Delante 'Tiger' Johnson was three rounds away from becoming the first U.S. welterweight in more than 30 years to medal.

Then came along Roniel Iglesias to end that dream, while creating history of his own. 

A valiant effort by Cleveland's Johnson came up short in his semifinal bout with Cuba's Iglesias, losing on all five scorecards as he was eliminated from welterweight competition Thursday evening at Kokugikan Arena in Tokyo.

Scores were 30-27, 30-27, 30-27, 29-28 and 29-28 in favor of Iglesias, a two-time Bronze medalist (2008, 2012) who is guaranteed his third Olympic medal.

Johnson opened the bout working his jab, looking to keep the Cuban southpaw on the outside and off rhythm. Iglesias—a record-tying four-time Olympian in search of a third medal—quickly adapted, cutting off the ring and forcing Johnson to the ropes. 

The mid-round adjustment allowed Iglesias to dictate the pace and take the frame on all five scorecards. Johnson has been here before, as he trailed after three minutes versus Kazakhstan's Ablaikhan Zhussupov in the Round of 16. 

As he rallied in that fight, Johnson did his best to adapt to Iglesias' tricks in round two. It all started with the jab, though Iglesias remained unfazed. The Cuban worked the body whenever the two were tied up on the inside and seemed to do the better work in the eyes of four of the five judges.

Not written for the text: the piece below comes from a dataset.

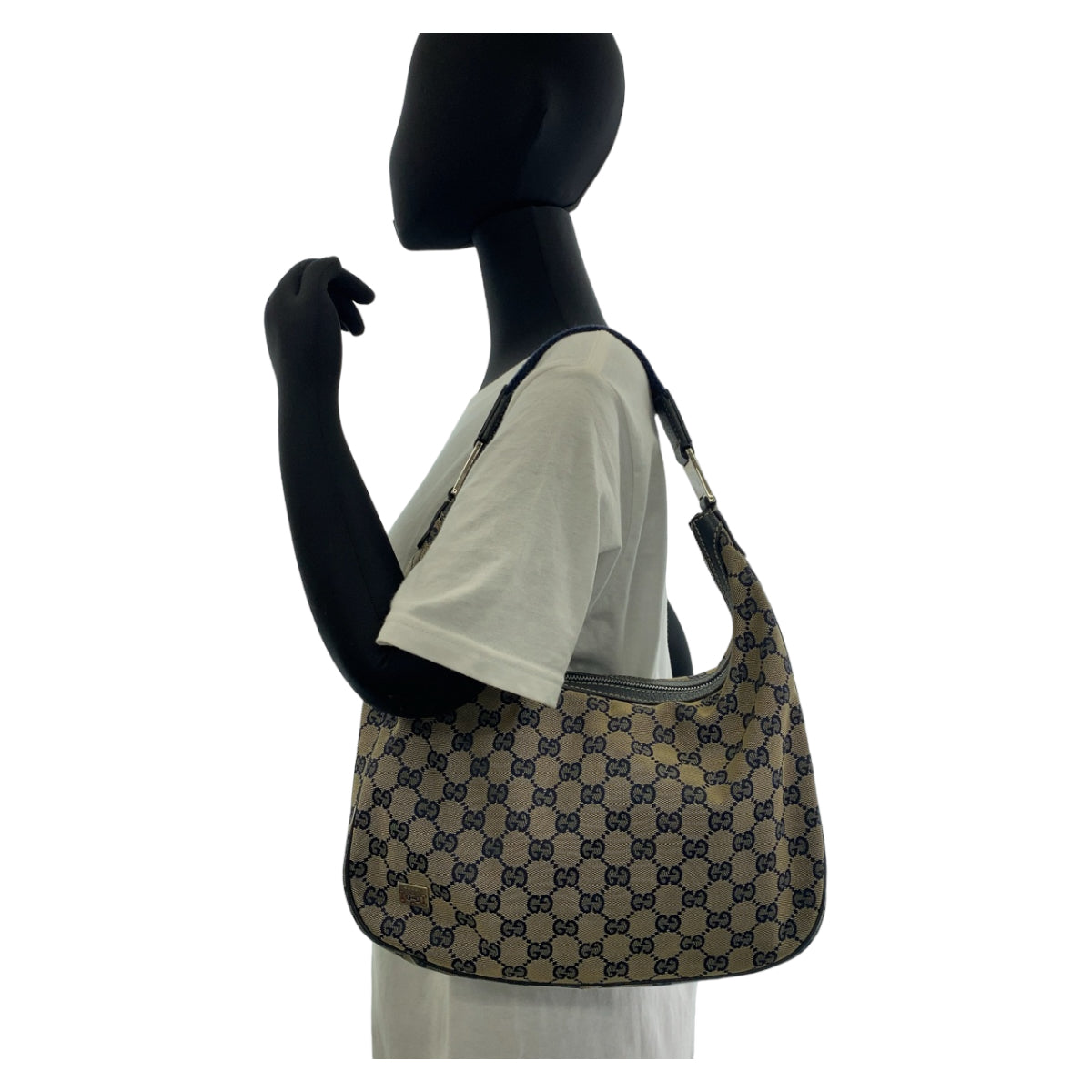 Gucci GG Canvas Shoulder Bag Navy Gray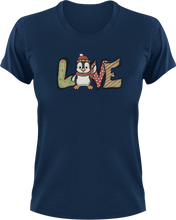 Load image into Gallery viewer, Love Christmas Penguin T-Shirtanimal, animals, christmas, Ladies, love, Mens, penguin, Unisex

Johnson was given his marching orders in the corner to make something big happen in the third and final round. Iglesias largely played keep away, while Johnson measured up his foe in hopes of landing a game-changing shot.

The moment just wouldn't come. Iglesias would fire back just enough to force Johnson to take a step back, allowing the Cuban to reset. Johnson worked his way inside, doing his best to let his hands go the moment Iglesias was within punching range. 

Johnson's Olympic journey included dramatic wins over Argentina's Brian Aguerri and then Zhussopov—eliminating two fighters with pro experience. 

Iglesias boasts a different type of experience, the kind that's built to last on the Olympic circuit. Iglesias is now guaranteed his third medal, tying nine other fighters for the most in history. 

The loss by Johnson puts the U.S. team at 10-6, with the men's team now 7-2 in Tokyo.